***** Data for this task
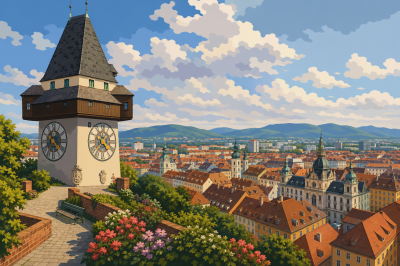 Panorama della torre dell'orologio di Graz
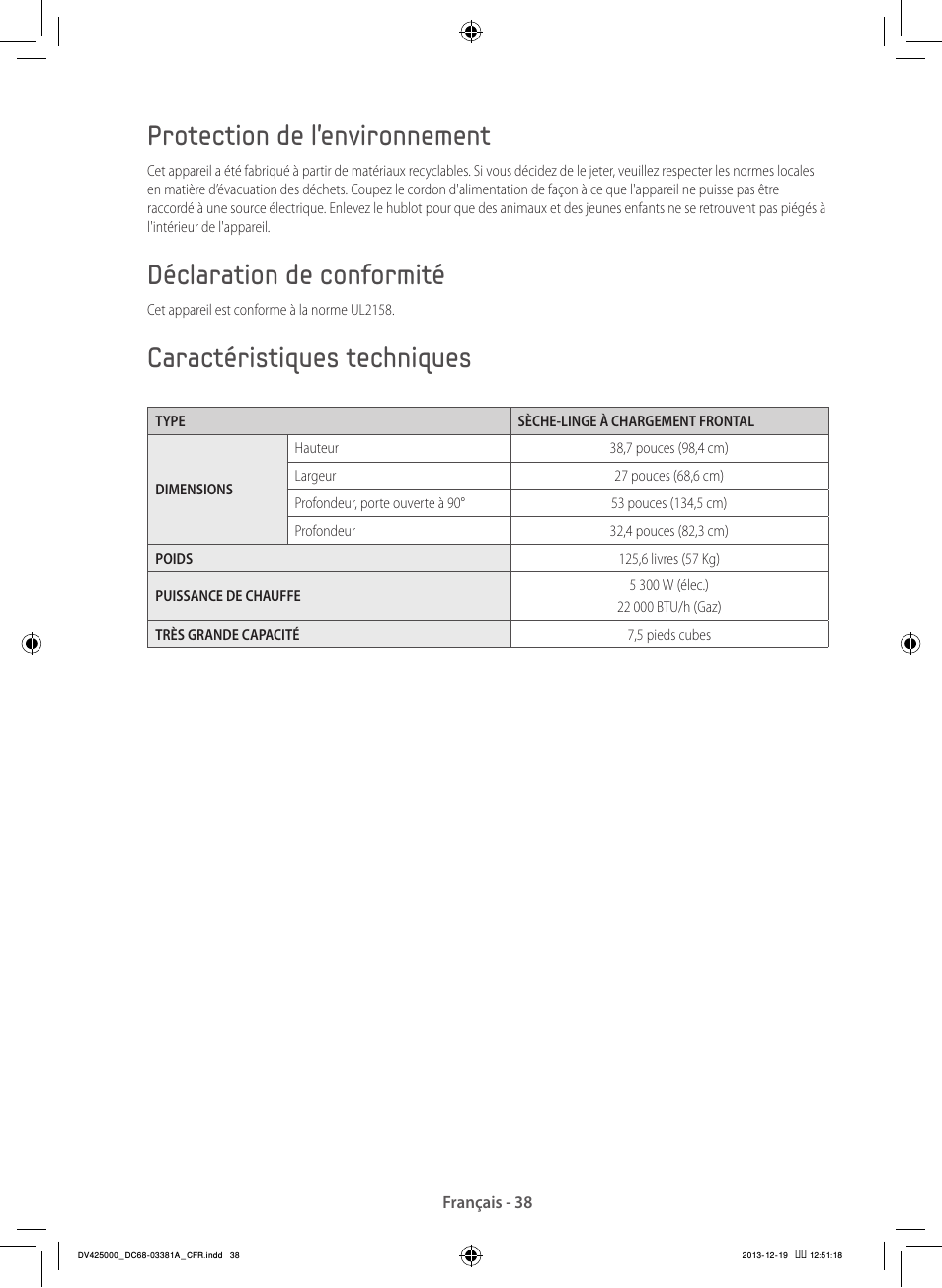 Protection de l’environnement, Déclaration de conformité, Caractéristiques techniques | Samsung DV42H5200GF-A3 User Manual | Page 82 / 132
**********
***** Data for this task
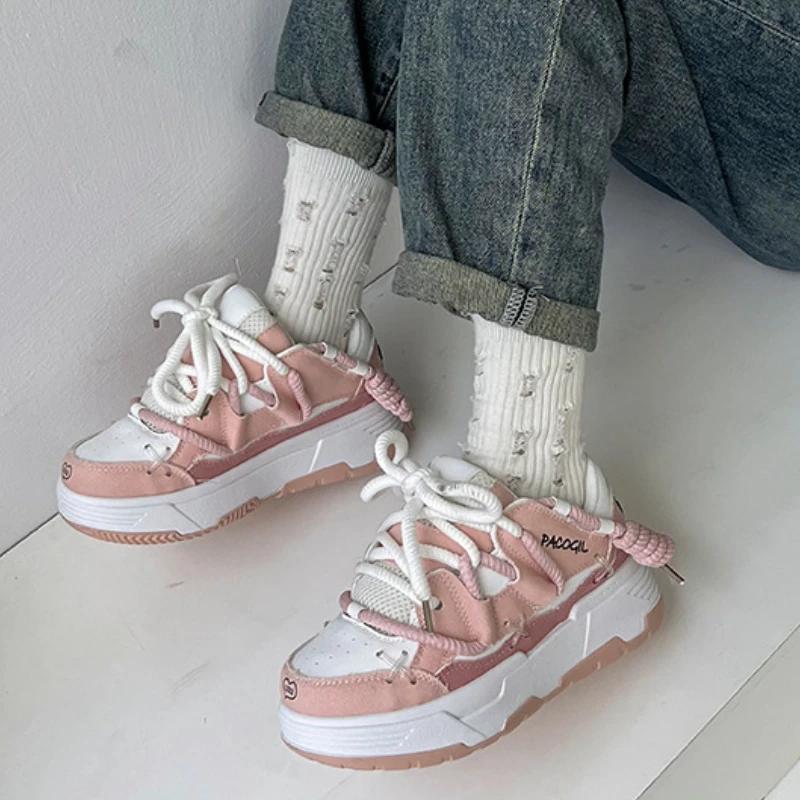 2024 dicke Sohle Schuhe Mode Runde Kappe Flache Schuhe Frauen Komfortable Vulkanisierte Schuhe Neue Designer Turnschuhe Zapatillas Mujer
**********
**Exercise requirements**: Restate the lines above from the one containing "Panorama della torre dell'orologio di Graz" through the one containing "Protection de l’environnement, Déclaration", inclusive, exactly and without pictures.

**Response**:
 Panorama della torre dell'orologio di Graz
 Protection de l’environnement, Déclaration de conformité, Caractéristiques techniques | Samsung DV42H5200GF-A3 User Manual | Page 82 / 132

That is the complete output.